Foi em 1955 que foi publicado o livro de Milton Mayer (1908-1986), jornalista americano de ascendência judaica, Eles Pensavam que Eram Livres. Os alemães em 1933-1945[1].
O livro resulta de um conjunto de dez entrevistas conduzidas pelo autor, após a Segunda Guerra Mundial, e relata os percursos e conceções de dez homens alemães sobre o período entre 1933 e 1945. Nas palavras do autor “Os homens com quem conversei eram banais, mas aderiram ao Partido Nazi e falam sobre as suas motivações, o crescimento do Reich a que assistiram e a cumplicidade geral com o regime que se foi instalando”. Ao lermos o livro, fica reforçada a convicção de que o silêncio individual quando é cúmplice de atrocidades várias resulta sempre em tragédias coletivas.
A dada altura Milton Mayer pergunta a um dos seus interlocutores quais tinham sido as suas motivações, e as dos seus amigos, para aderir/apoiar o partido nazi em crescimento. A resposta obtida é sintetizada da seguinte forma: medo e vantagens. Uns por medo do que lhes pudesse acontecer se não aderissem, outros porque viram vantagens pessoais nessa adesão. Garantia de emprego, salário, prosseguimento da vida dentro da normalidade, apropriação de bens aos quais de outro modo não teriam acesso. Muitos desses bens, como por exemplo apartamentos, eram propriedade de judeus obrigados a fugir da Alemanha (uma realidade relatada no filme Zona de Interesse (2024), de Jonathan Glazer) e muitos alemães enfrentavam problemas sérios de habitação nos anos 30.
Vem isto a propósito do que vai acontecendo na sociedade portuguesa pela mão e pela voz de alguns políticos sem que as instituições democráticas consigam travar a crescente onda de discriminação de género, o insulto, o racismo e a xenofobia. O episódio recente onde nomes estrangeiros de crianças (as crianças até podem ser portuguesas) foram lidos na Assembleia da República é apenas uma ilustração dos limites da indecência e do oportunismo político.
Neste caso, o medo é um instrumento de manipulação e de recusa do que é diferente e as vantagens, não sendo apenas pessoais, são sobretudo políticas e estão ao serviço de um modelo de sociedade onde a diversidade, a solidariedade, a justiça, a paz, a cooperação, a dignidade individual e coletiva, o humanismo, são ideias a combater através de práticas de intimidação, de agressão, de violência verbal e física.

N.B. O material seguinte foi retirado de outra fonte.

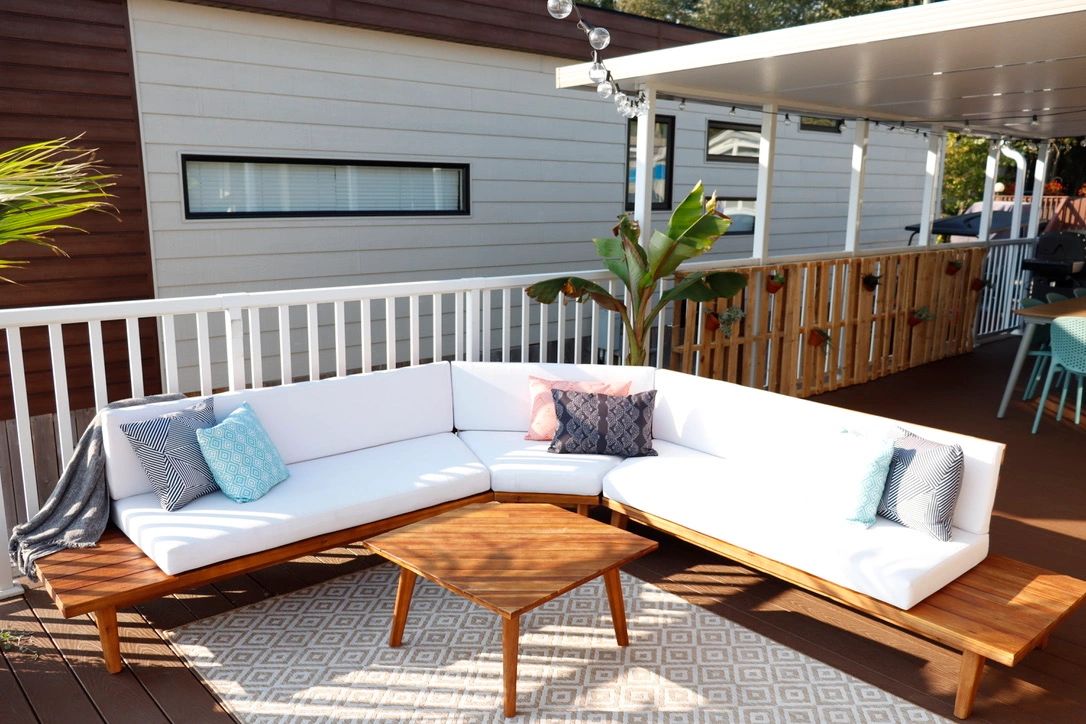 Modern outdoor patio seating with cushions and wooden table.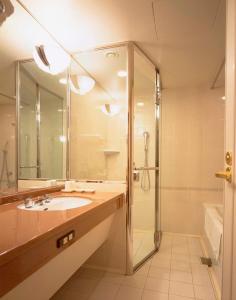 a bathroom with a sink and a shower at Hotel Okura Kyoto in Kyoto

Mais recentemente, Johann Chapoutot, no seu livro Les irresponsables. Qui a porté Hitler au pouvoir?[2], traça um quadro interpretativo sobre a perda de poder daquilo a que ele chama, na Alemanha dos anos 30, “Um consórcio liberal-autoritário, tecido de solidariedades de negócios, de partidos conservadores, nacionalistas e liberais, de média reacionários e de elites tradicionais, que tendo perdido todo o apoio popular (passam de 50% dos votos para 10%) pretende garantir o poder sem maioria, sem parlamento e mesmo sem democracia”. O caminho é conhecido e o resultado também.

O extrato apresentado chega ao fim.